• [MATERIAL FOR THIS TASK]:
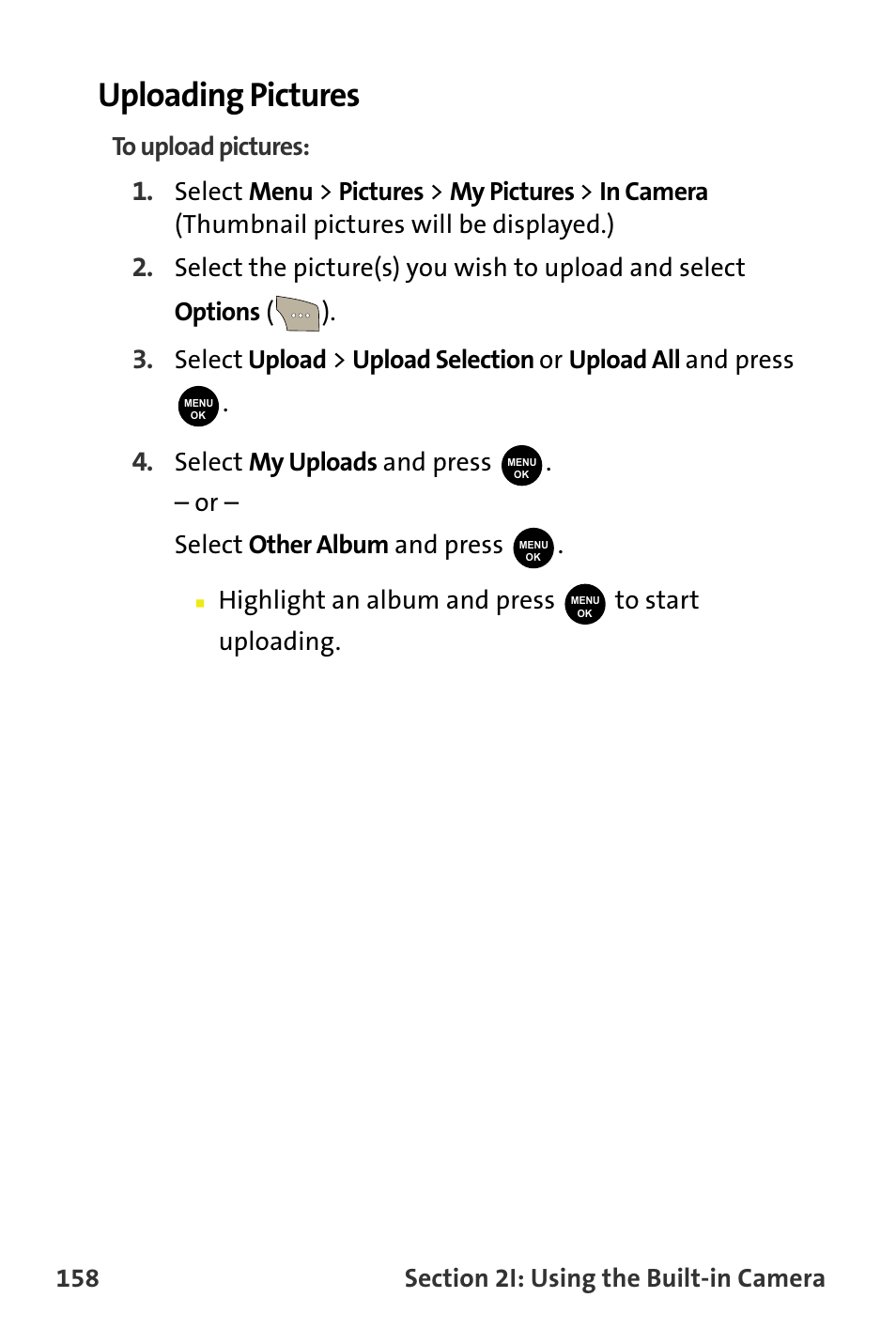 Uploading pictures, Highlight an album and press to start uploading | Samsung SPH-M300ISASPR User Manual | Page 182 / 268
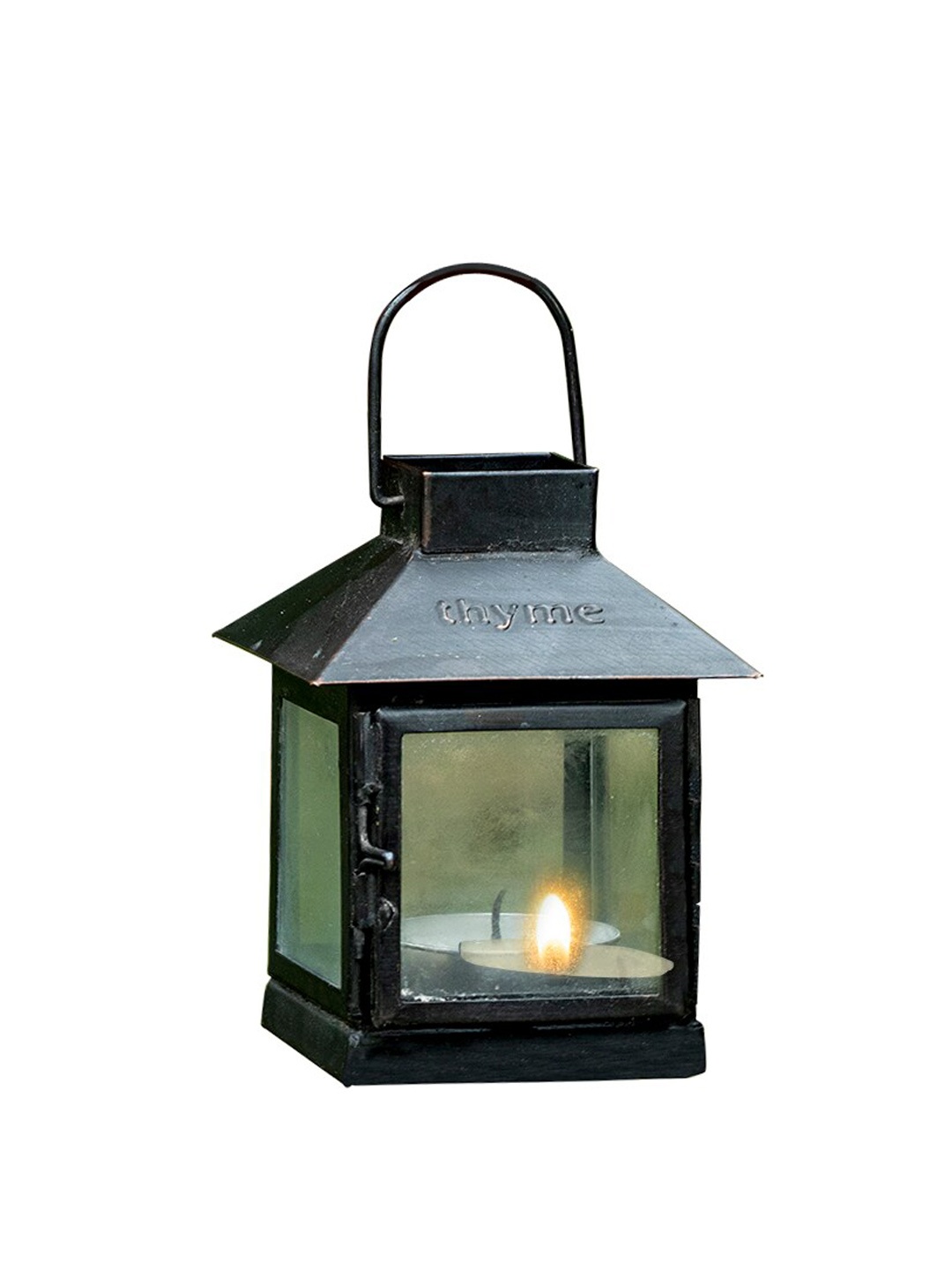 

ellementry 2 Pcs Black Metal Square Lantern with T-Light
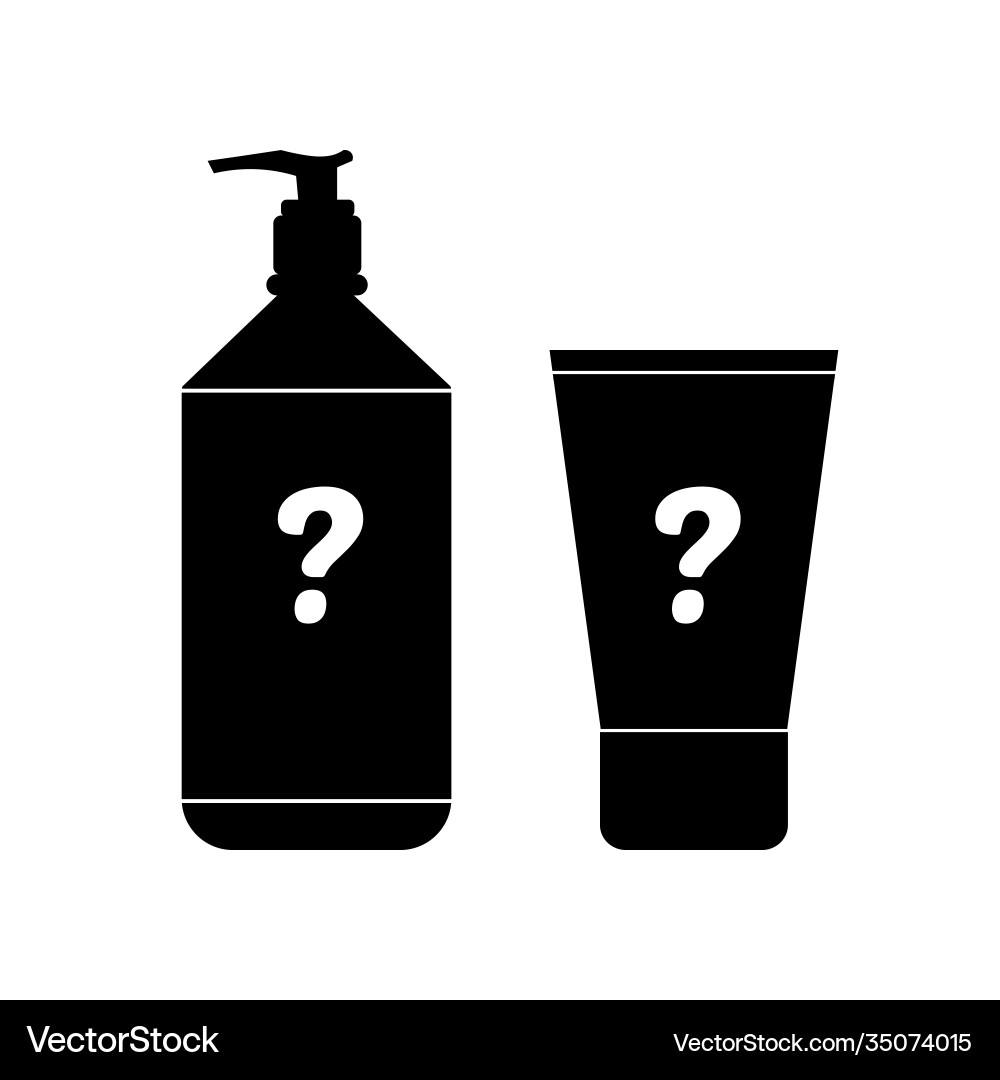 Cosmetics product bottles with question mark Vector Image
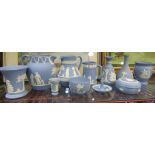 A selection of Wedgwood blue Jasperware including vases and jugs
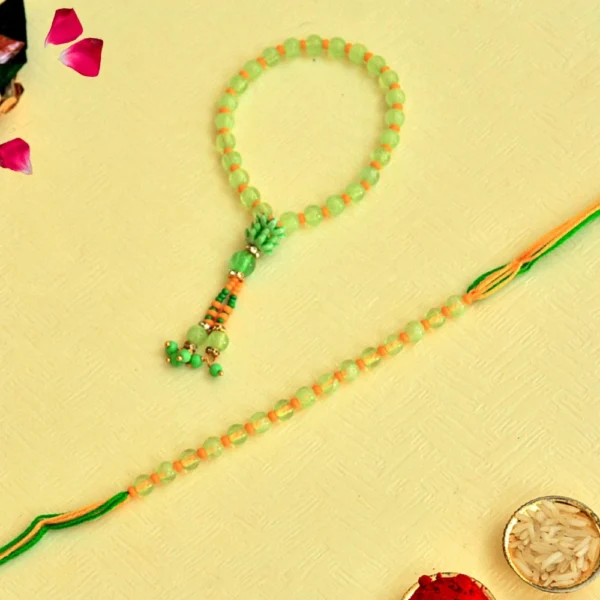 Elegant Bhaiya Bhabhi Rakhi Set – RK-133 | Beaded Green Thread Rakhi with Matching Bracelet for Bhabhi - Image 1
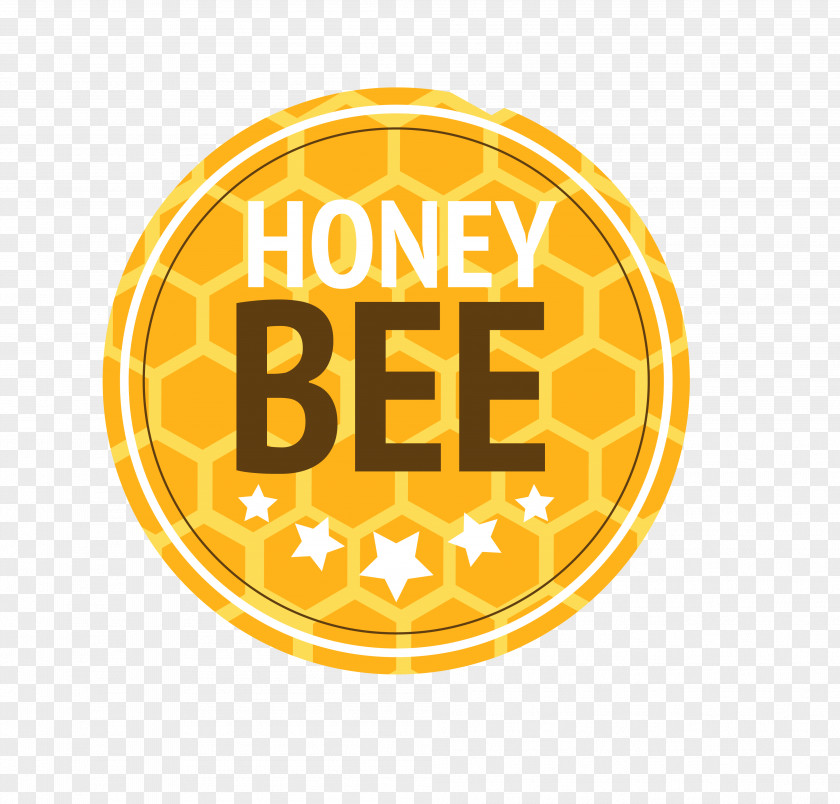 Round Honeycomb Honey Label Bee PNG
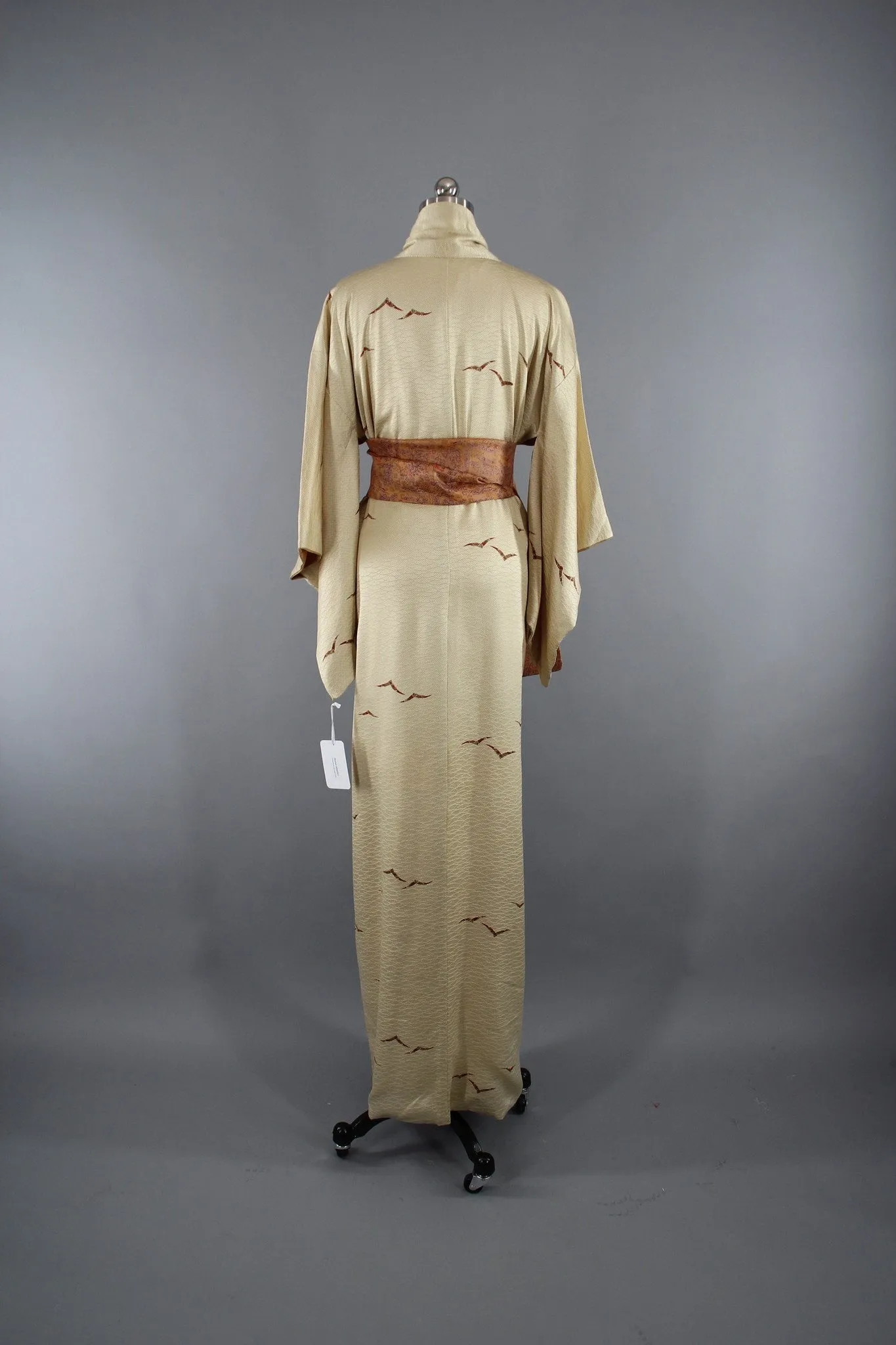 1960s Vintage Silk Kimono Robe with Ivory Gold Origami Birds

• [EXERCISE OBJECTIVE]: In transcribing the listing, keep each word as it is and drop the pictures.

• [TASK ANSWER]:
 Uploading pictures, Highlight an album and press to start uploading | Samsung SPH-M300ISASPR User Manual | Page 182 / 268

ellementry 2 Pcs Black Metal Square Lantern with T-Light
 Cosmetics product bottles with question mark Vector Image
 A selection of Wedgwood blue Jasperware including vases and jugs
 Elegant Bhaiya Bhabhi Rakhi Set – RK-133 | Beaded Green Thread Rakhi with Matching Bracelet for Bhabhi - Image 1
 Round Honeycomb Honey Label Bee PNG
 1960s Vintage Silk Kimono Robe with Ivory Gold Origami Birds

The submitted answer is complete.